I was going to post further about how the bigger question really for my situation is whether TFSA or RRSP is more appropriate for my income level, but the post was long enough already. 

The withholding tax doesn't make much damage unless you've got a large portfolio. And as you say, you wouldn't want to reduce your US/International allocation just because of the w/h tax.


----------



## mrPPincer (Nov 21, 2011)

I know there's a drag on those currency-hedged funds/etfs, but for me it seemed like a good idea at the time because I thought the lower corelation of that slice of the pie would balance it out and possibly add some value over time but I'm not so sure about that now.

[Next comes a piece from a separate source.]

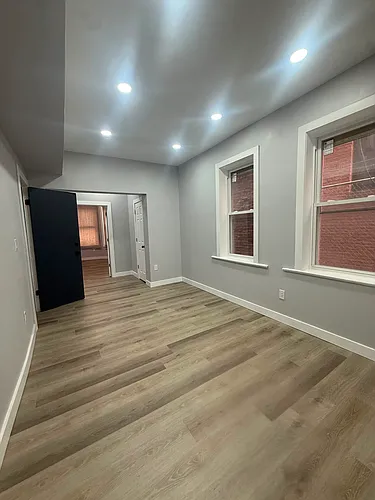 113 Elizabeth Ave Photo 1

I've been drawing down my RSP (actually converted it to a RIF a couple years ago) so I'm in that exact situation (not enough RRSP room) and unnecessary w/h tax drag is one of those things that just annoy me too much so I go for the best alternatives I can find.


----------



## mrPPincer (Nov 21, 2011)

Barwelle you could put contributions into your RRSP now, and save the deductions on those contributions for later when your income is higher, and enjoy the tax-free growth now.


----------



## Franko (Mar 31, 2012)

@Barwelle: VEA is the unhedged VEF equivalent I believe.



My Own Advisor said:


> • U.S. stocks held inside an RRSP or LIRA – no withholding taxes.
> • U.S. stocks held inside an RESP or TFSA - pay 15% withholding taxes.
> • U.S. stocks held in unregistered accounts - pay 15% withholding taxes + taxes at marginal tax rate.


Can someone explain the reason behind why a US stock inside an RRSP isn't subject to a withholding tax, but yet a US stock inside a TFSA _is_? Since the TFSA should be tax exempt too, there must be something else going on that I'm not following. And I thought the 15% tax was levied by the US government...it seems weird that the withholding tax can be avoided in a RRSP, as the dividend payment is still going to Canadian citzen, from the US govt's point of view.

My portfolio is unhedged and holds a lot of US-based funds (VTI, VBR, VEA, VWO and DGS). Based on the conversations here, it seems like it would be a better idea for me to max out my RRSP first over my TFSA, in order to minimize withholding tax. Does that sound appropriate? 

Also, are there any tax implications to holding the majority of my RRSPs in US stocks? And how are international-based, US-traded ETFs taxed?

Thanks for all of the replies folks, this is all gold to a new investor like me!


----------



## Xoron (Jun 22, 2010)

Franko said:


> Can someone explain the reason behind why a US stock inside an RRSP isn't subject to a withholding tax, but yet a US stock inside a TFSA _is_


It has something to do with the reciprocal agreement with the United States Govt (IRS) to make dividends paid in Retirement accounts not subject to the withholding tax. This applies to US domiciled stocks. So the stocks of US companies, paying taxes in the US pass the dividends along to RRSP accounts without withholding the tax. TFSA and RESP accounts are NOT retirement accounts, so the withholding tax applies.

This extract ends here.